Le Nepad, lui, a eu droit à un traitement privilégié. Retenu comme thème spécial, il a fait, en marge des travaux, l’objet d’une réunion des vingt chefs d’État membres du comité de mise en uvre, sous la présidence d’Olusegun Obasanjo, avec une participation active du Gabonais Omar Bongo, celle de son beau-père le Congolais Denis Sassou Nguesso et celle de Kadhafi, qui admet ne pas connaître les rouages du Nepad, devenu programme officiel de l’UA. « J’ai beaucoup de propositions à faire mais je ne sais pas dans quel cadre je dois en faire part, a-t-il demandé à Obasanjo, je préconise que chaque secteur d’activité économique soit confié au pays africain qui y est particulièrement performant. On pourrait, par exemple, charger l’Éthiopie des questions liées à l’agriculture », a-t-il poursuivi, mi-grave, mi-ironique.
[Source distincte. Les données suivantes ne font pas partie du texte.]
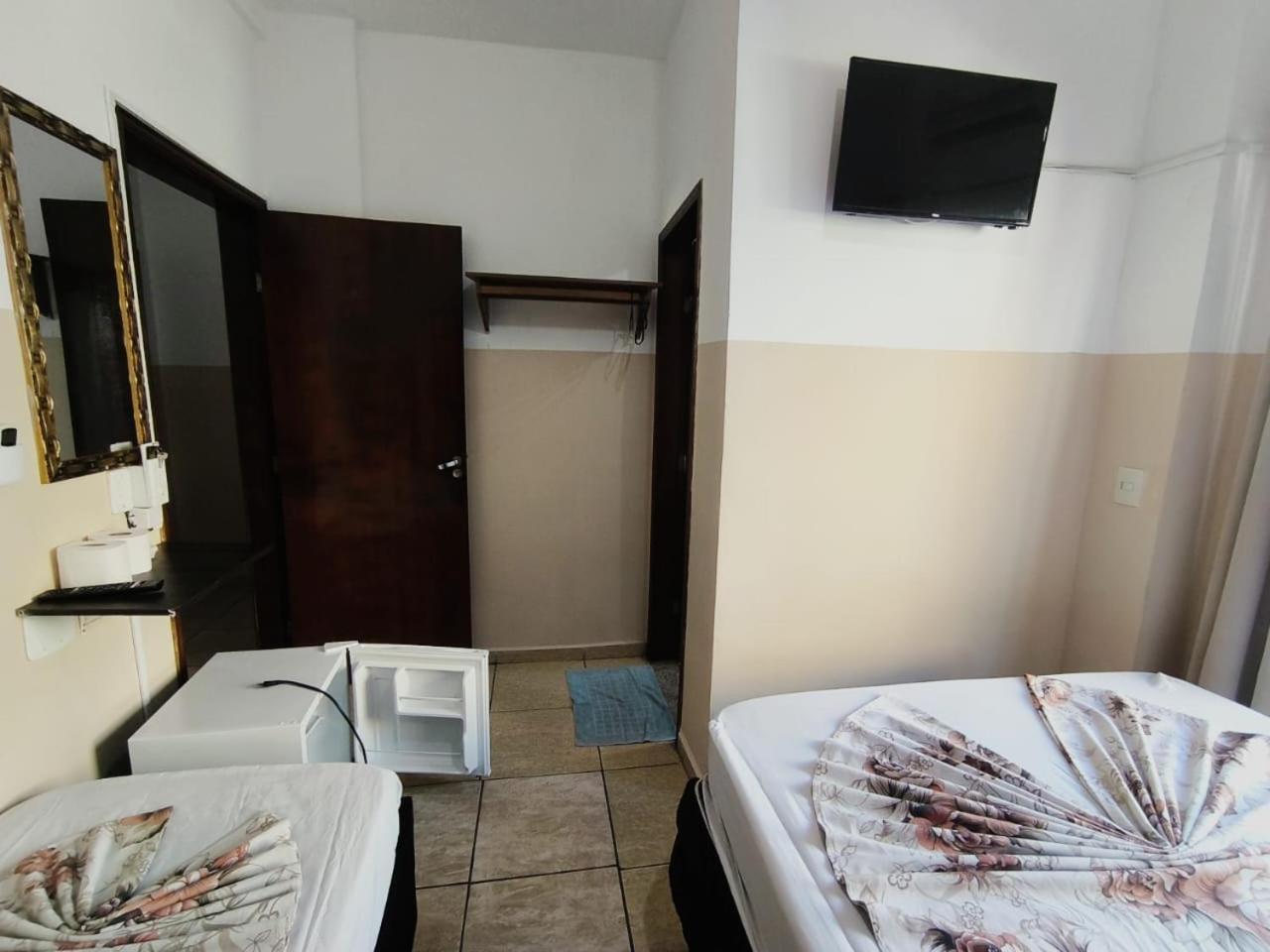 Hotel Mae Rainha أباريسيدا المظهر الخارجي الصورة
Plus sérieusement, Maputo a consacré la différence entre grands et petits pays. La taille n’obéissant pas à des critères géographiques, mais à l’importance de la contribution
budgétaire. Preuve en a été donnée par le communiqué de la présidence ivoirienne faisant état des pressions qui l’ont amené à retirer la candidature d’Amara Essy (voir ci-dessous). Elles sont essentiellement le fait de quatre pays : Afrique du Sud, Nigeria, Algérie et Libye. Cela n’a pas été sans provoquer un sentiment de frustration chez les délégués de « petits pays ». L’élection, dès le premier tour, d’Alpha Oumar Konaré montre qu’il n’y a pas eu de « rébellion », mais « les symptômes sont là, analyse un fonctionnaire international nigérien. Si intégration il y a, elle ne peut se faire que dans une parfaite équité entre les pays. » Ce propos est nuancé par un membre de la Commission de l’UA. « La dynamique qui a mené vers la création de l’Union européenne a été portée par le couple francoallemand, alors pourquoi pas un leadership africain efficace. » Cependant, s’agissant de l’Afrique, et pour des considérations géographiques, historiques et culturelles, un tandem paraît bien insuffisant. Depuis quelques mois, il existe une concertation quasi permanente, dans un cadre officieux entre Alger, Abuja et Pretoria. À Maputo, une autre capitale a rejoint le trio : Addis-Abeba. Mais c’est encore insuffisant. Si ce quatuor devenait quintet, alors toutes les régions du continent seraient représentées à condition que l’Afrique centrale soit représentée. La RD Congo pourrait assumer ce rôle. Mais l’instabilité qui y règne ne semble pas devoir être rapidement éradiquée. Le Cameroun pourrait être la solution idéale. L’absence de Paul Biya à Maputo a renvoyé cette question aux calendes africaines.